Bir Gün ya da Daha Az!
"Allah inkârcılara sorar: ‘Yeryüzünde kaç yıl kaldınız?’ Onlar ise şöyle cevap verir: ‘Bir gün veya günün bir kısmı kadar kaldık…’" (Müminûn, 112-113)
Çocukken hayatın anlamını çözmeye
çalışırdım. Kendime tekrar tekrar sorardım: Hayat
nedir? Madem öleceğiz, o hâlde neden dünyaya geliyoruz? Ölümle ne oluyoruz?
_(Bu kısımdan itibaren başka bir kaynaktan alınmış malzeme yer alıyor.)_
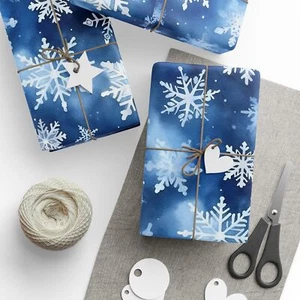 Snowflake Wrapping Paper, Winter Gift Wrap, Holiday Wrapping Paper, Christmas - Picture 1 of 25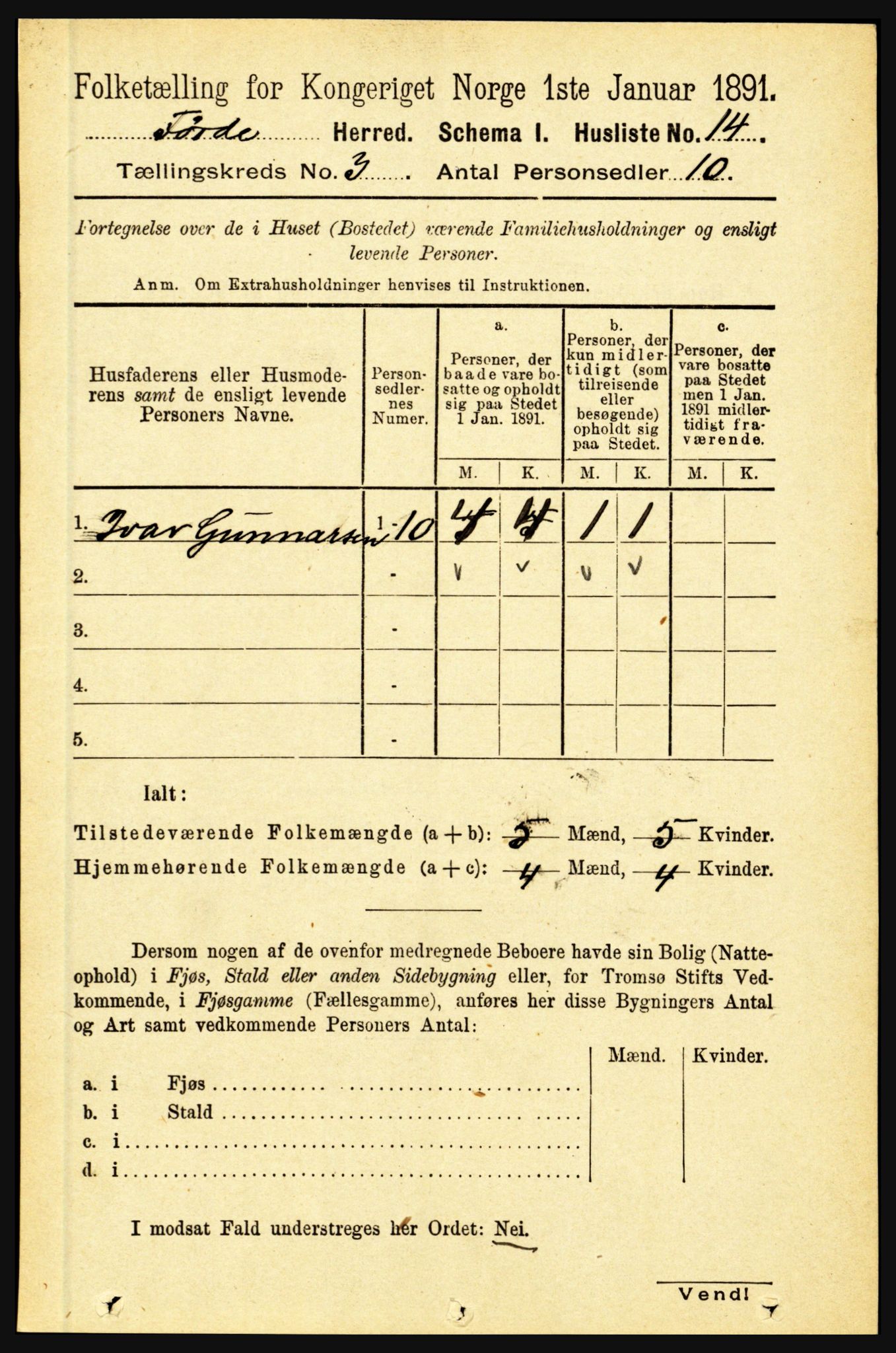 RA, 1891 census for 1432 Førde, 1891, p. 821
Ölüler şimdi nerede, ne yapıyorlar?
Bu sorular, zihnimde durmaksızın
yankılanırdı. İnsanlar her gün bir yerlere koşuyor, bir şeyler biriktiriyor,
hırsla daha fazlasını istiyordu. Kazanmak, daha çok kazanmak, hiç doymamak…
Sonunda helal-haram ayırt etmeksizin sahip olduklarını arkalarında bırakıp
gidiyorlardı. Peki, bütün bunların anlamı neydi?
Beni en çok düşündüren şey, sıradan
insanların bu döngü içinde kaybolmaları değil, inançlı ve bilgili olması
gerekenlerin de aynı şekilde yaşamasıydı. Diğerleri
bilmiyor olabilir, diye düşünürdüm, ama
onların bu hakikatin farkında olmaları gerekmez miydi? Neden onlar da bu
dünyada sonsuza dek kalacaklarmış gibi hareket ediyorlardı?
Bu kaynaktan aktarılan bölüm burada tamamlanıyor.